▸ **YOUR INSTRUCTIONS**:
Without the pictures, copy the entries below word for word.
··· RAW DATA
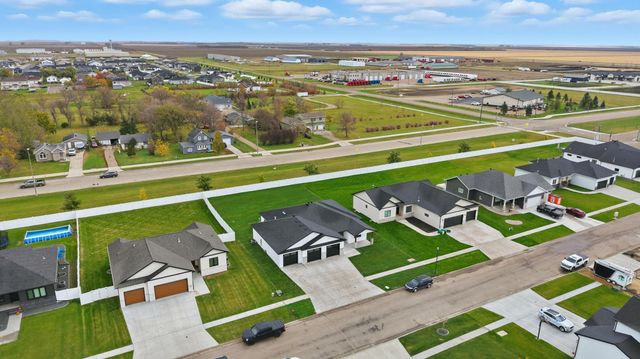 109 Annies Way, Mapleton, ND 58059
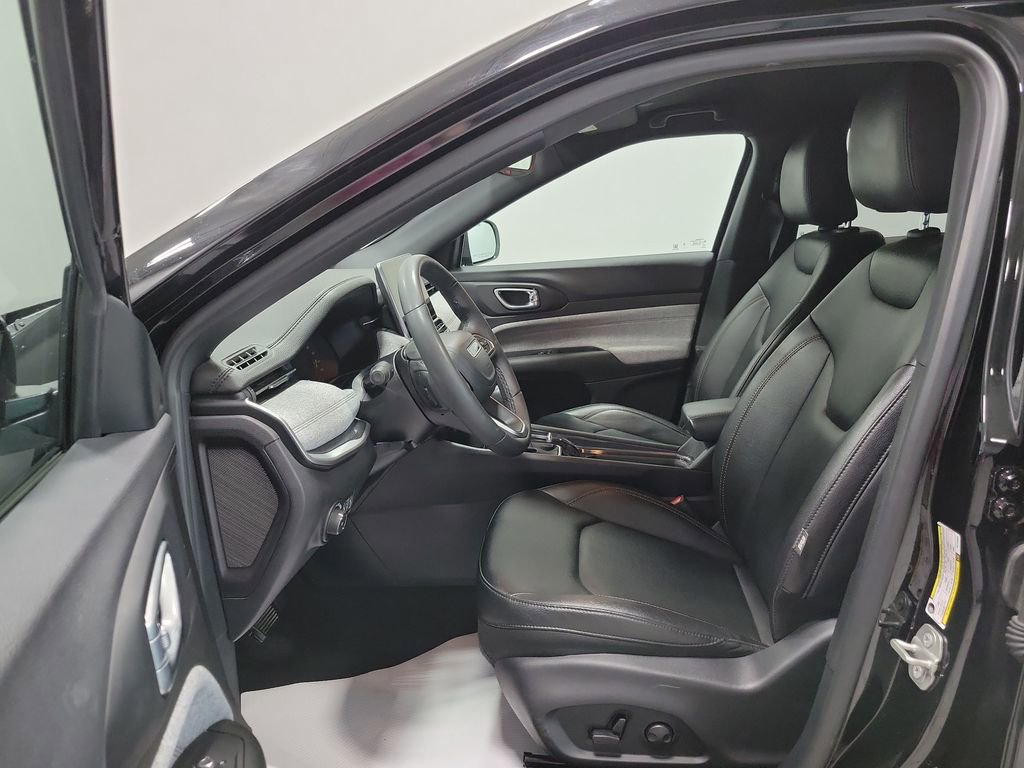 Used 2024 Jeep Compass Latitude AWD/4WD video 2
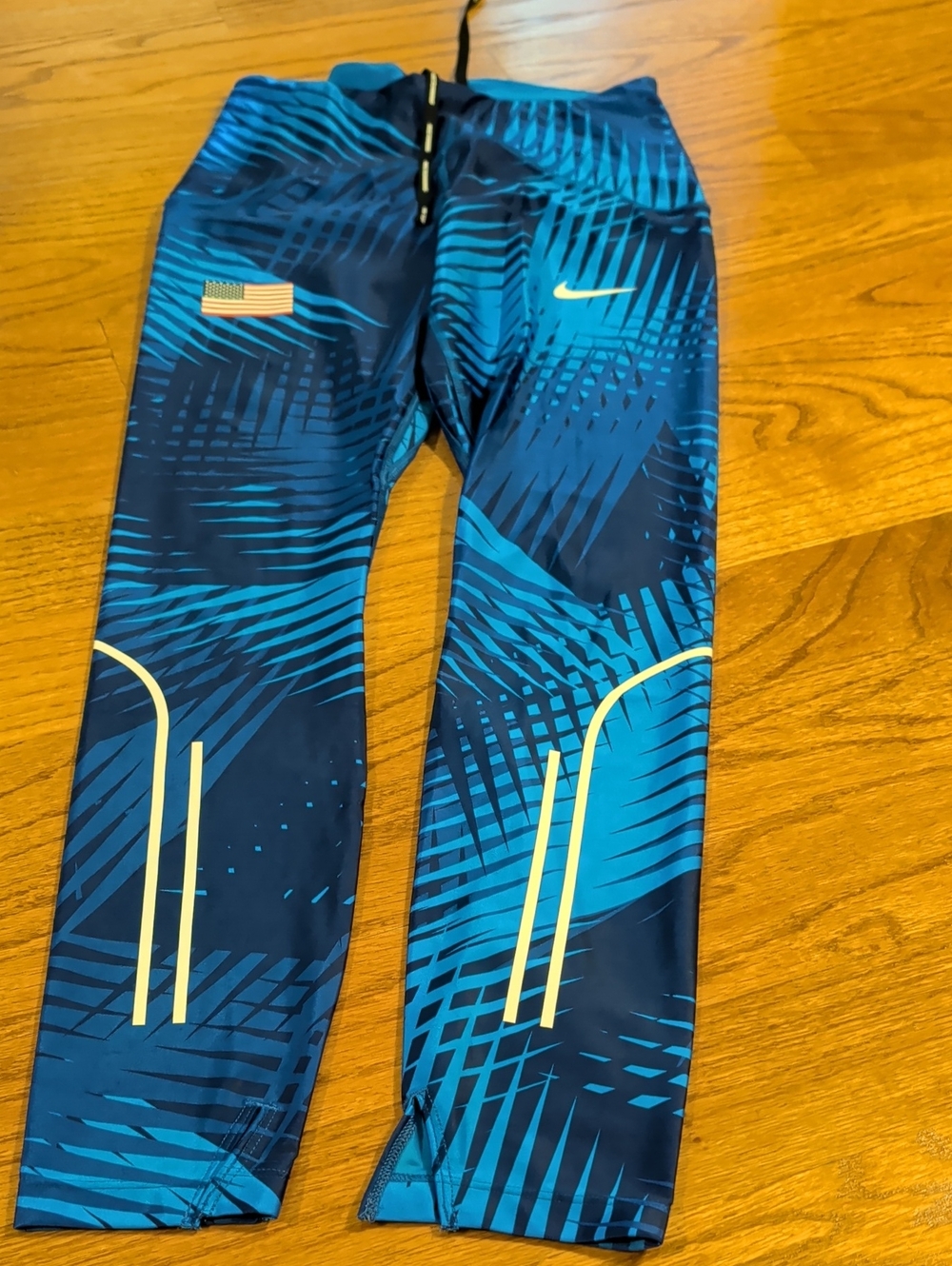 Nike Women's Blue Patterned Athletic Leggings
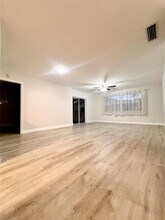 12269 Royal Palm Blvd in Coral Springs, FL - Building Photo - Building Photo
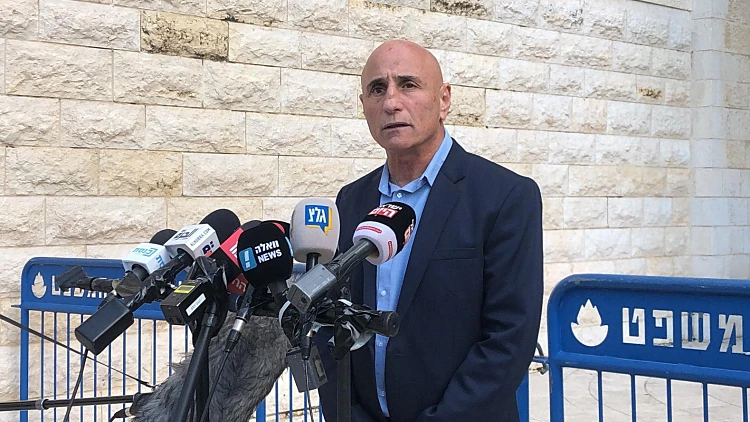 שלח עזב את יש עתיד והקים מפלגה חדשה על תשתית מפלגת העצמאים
······
▸ **EXERCISE RESPONSE**:
 109 Annies Way, Mapleton, ND 58059
 Used 2024 Jeep Compass Latitude AWD/4WD video 2
 Nike Women's Blue Patterned Athletic Leggings
 12269 Royal Palm Blvd in Coral Springs, FL - Building Photo - Building Photo
 שלח עזב את יש עתיד והקים מפלגה חדשה על תשתית מפלגת העצמאים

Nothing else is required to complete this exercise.